Wie großflächig ist die Hochwassergefahr im Land Bremen?
Nach Angaben der Umweltbehörde sind rund 86 Prozent der Landesfläche potentiell von Hochwasser bedroht. In diesen Bereichen leben demnach etwa 530.000 Menschen. Wie groß die tatsächliche Gefahr im Einzelfall ist, hängt von unterschiedlichen Faktoren ab.
Wie wird die Bevölkerung vor Notlagen wie Unwetter oder Überflutungen gewarnt?
Die Alarmierung läuft heutzutage elektronisch. Die Bürgerinnen und Bürger werden verlässlich mit Warnmeldungen im Hörfunk und im Fernsehen von Radio Bremen sowie auf digitalen Anzeige- und Werbetafeln informiert. Dazu gibt es Warnmeldungen in den sozialen Netzwerken und über die Notfall-Nachrichten der Informations-App "NINA".

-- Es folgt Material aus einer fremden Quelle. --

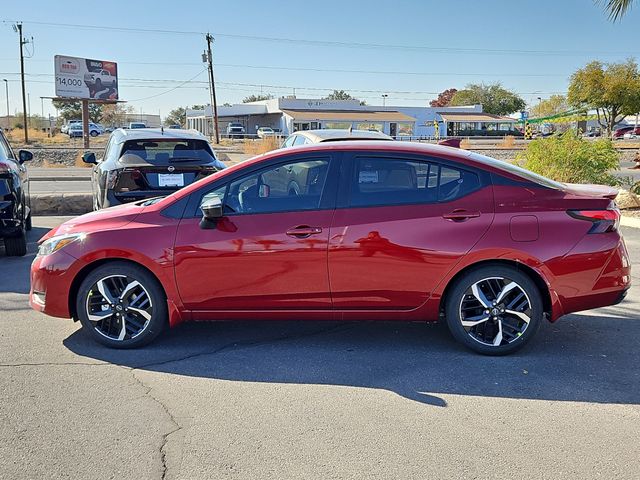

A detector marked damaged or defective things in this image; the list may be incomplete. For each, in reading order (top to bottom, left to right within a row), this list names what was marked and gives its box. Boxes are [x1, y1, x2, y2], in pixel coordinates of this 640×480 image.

Das Land Bremen verlässt sich aber nicht nur auf die elektronischen Kanäle. In Bremen hat es sich auch bewährt, mit Lautsprecherwagen durch die betroffenen Stadtteile zu fahren und die Bevölkerung zu informieren. Das wird beispielsweise bei Bombenentschärfungen gemacht.
Warum gibt es im Land Bremen keine Alarmsirenen mehr?
Diese wurden in Bremen und Bremerhaven vor knapp 30 Jahren abgebaut. Zum einen, weil man keinen Grund mehr für eine flächendeckende Alarmierung sah. Zum anderen ist der Sirenenton zu unspezifisch, heißt es von der Feuerwehr Bremen. Wenn der Heulton erklingt, wisse man nicht, wovor gewarnt wird. Im Ernstfall sei es aber wichtig, die Bevölkerung schnell und genau zu warnen. Das gehe am besten auf elektronischem Wege, sagte ein Feuerwehr-Sprecher.
Wer ist bei Notlagen zuständig?
Bei sogenannten Schadenslagen wie Überflutungen oder Großbränden ist die Feuerwehr zuständig. Anders sieht es bei Katastrophenfällen aus. Die müssen vom Innensenator ausgerufen werden. Das gab es zuletzt 1962 bei der Sturmflut an der Nordseeküste.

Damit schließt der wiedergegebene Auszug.